The DOC’s projections, which say the state’s prison population could grow by 70 percent in 20 years if the bill becomes law, caught supporters of the bill by surprise during a recent committee hearing on the legislation.
Republican State Sen. Brent Steele of Bedford, a key sponsor of House Bill 1006, sharply questioned the validity of the DOC numbers both during the hearing and afterwards, when he likened the projections to “ninja smoke.”
House Bill 1006 rewrites the criminal code to lessen penalties for low-level drug offenders and toughen punishment for the worst sex and violent offenders. Backers of the bill have long argued that it would slow down the rise in Indiana’s prison population. The DOC projections, released by DOC deputy commissioner Randy Koester, conflict with a Legislative Services Agency analysis that says the bill would lead to a small increase in prison population before dropping off.
While the LSA analysis predicts the prison population would top off at about 30,000 (up from the current 28,000) within a few years if the bill is passed, the DOC projects the bill will “explode” the prison population to almost 48,000 by 2023.
Steele said he questioned the DOC’s ability to project the prison population that far into the future. He said anyone who believes they can make that kind of projection “believe(s) in ninja smoke.” (A reference, Steele explained, to the magical smoke used by ninja warriors to distract onlookers as the ninja disappears.)

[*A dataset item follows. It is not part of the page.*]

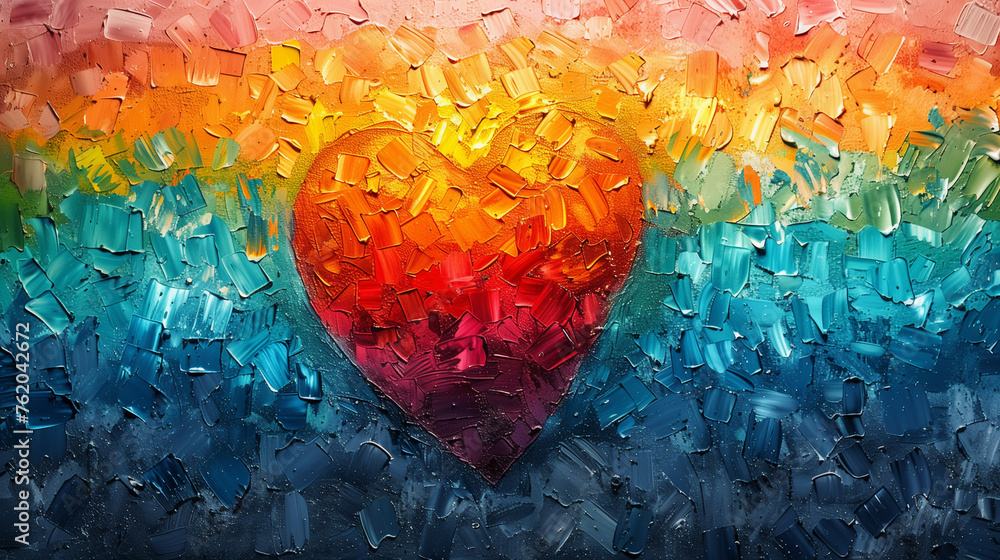A colorful background serves as the canvas for a painting of a heart, symbolizing love and passion in a visually striking way
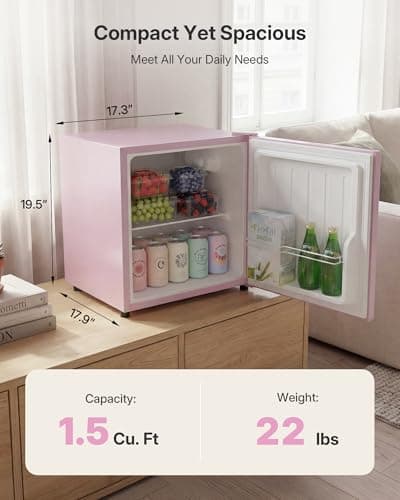 Upstreman 1.5 Cu.Ft All-Refrigerator Mini Fridge, Single Door Small Refrigerator, Dorm Fridge with 7 Adjustable Thermostat, Compact Refrigerator for Office, Bedroom or Dorm, Pink-CR16 - Thumbnail 2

Steele and the bill’s House author, Republican state Rep. Greg Steuerwald of Avon, are committed to pushing ahead with the bill. It’s already passed the Republican-controlled House and has strong support from Republican House Speaker Brian Bosma, who’s been at odds with Pence over the governor’s proposed income tax rate cut.
But the bill is also likely to undergo changes as it moves through the Senate. Steele said the bill may be amended to raise the penalties for marijuana crimes, which had been reduced from felonies to misdemeanor charges in the current bill.

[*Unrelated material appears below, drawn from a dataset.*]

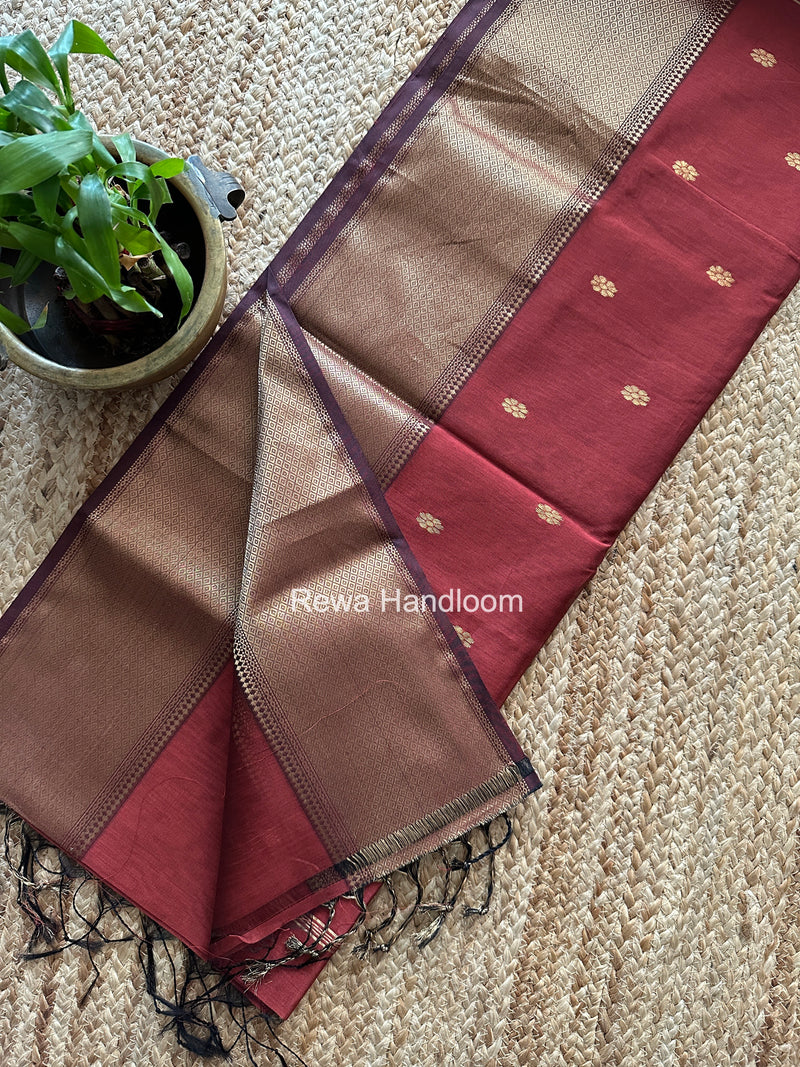 Maheshwari Copper Rust Flower Skirt Butti Saree ZSB0145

Last week, Pence announced his opposition to the bill during a press conference with TV and radio reporters. Steele had been told of the governor’s opposition earlier, but said Steuerwald and the two Democrat authors of the bill had not.

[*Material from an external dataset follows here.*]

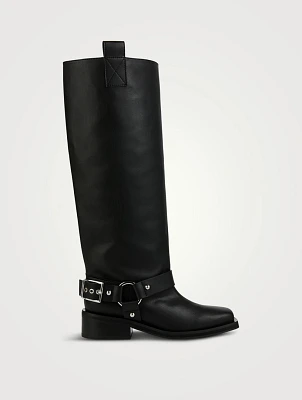 Leather Knee-High Biker Boots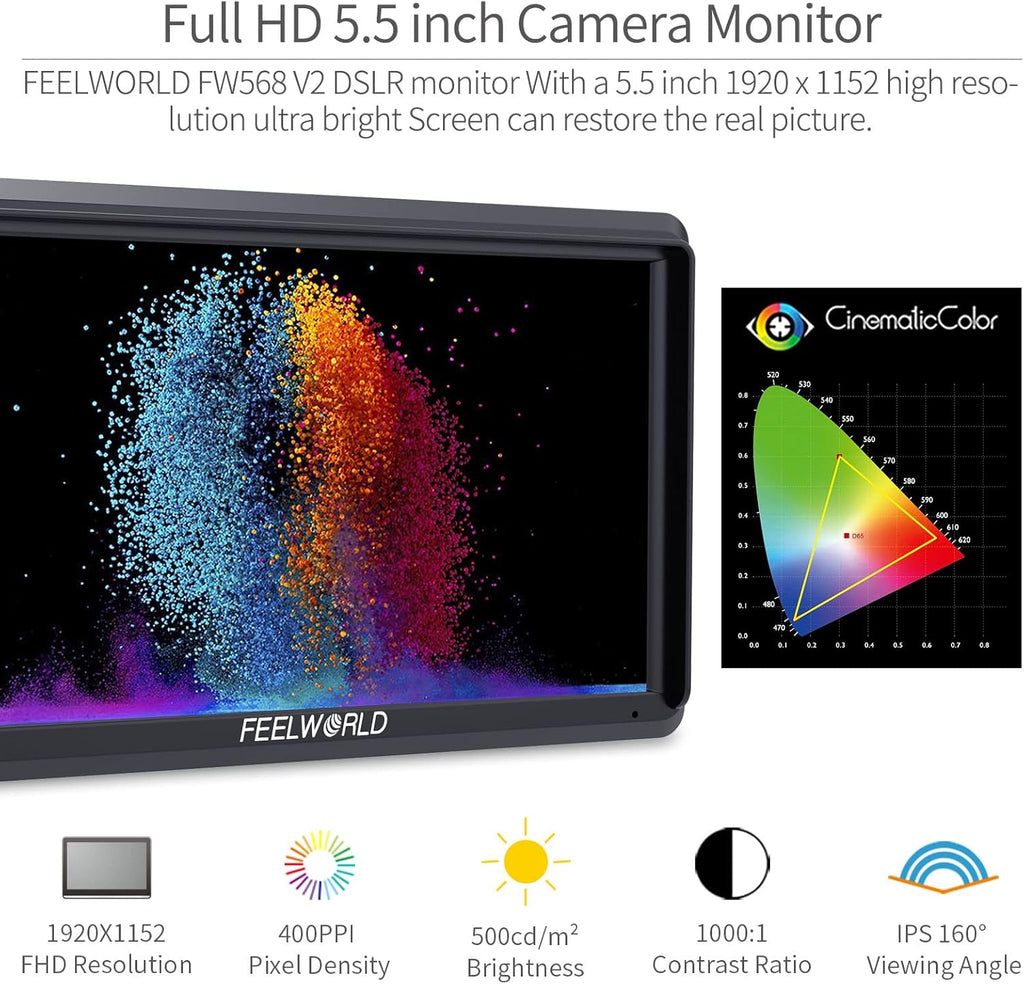 5.5 Inch 4k HDMI Camera Field Monitor with Sunshade and Tilt Arm Mount Z643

Pence told reporters that he was unhappy with the bill’s provisions that would decrease penalties for entry-level drug offenses.
“I think we need to work on reducing crime, not reducing penalties,” Pence said during the press conference.
The bill’s backers argue that’s what the bill does, by diverting low-level offenders into local treatment and corrections programs aimed at reducing recidivism, while keeping the worst offenders behind bars.
“It’s not soft on crime, by any means,” Steuerwald said.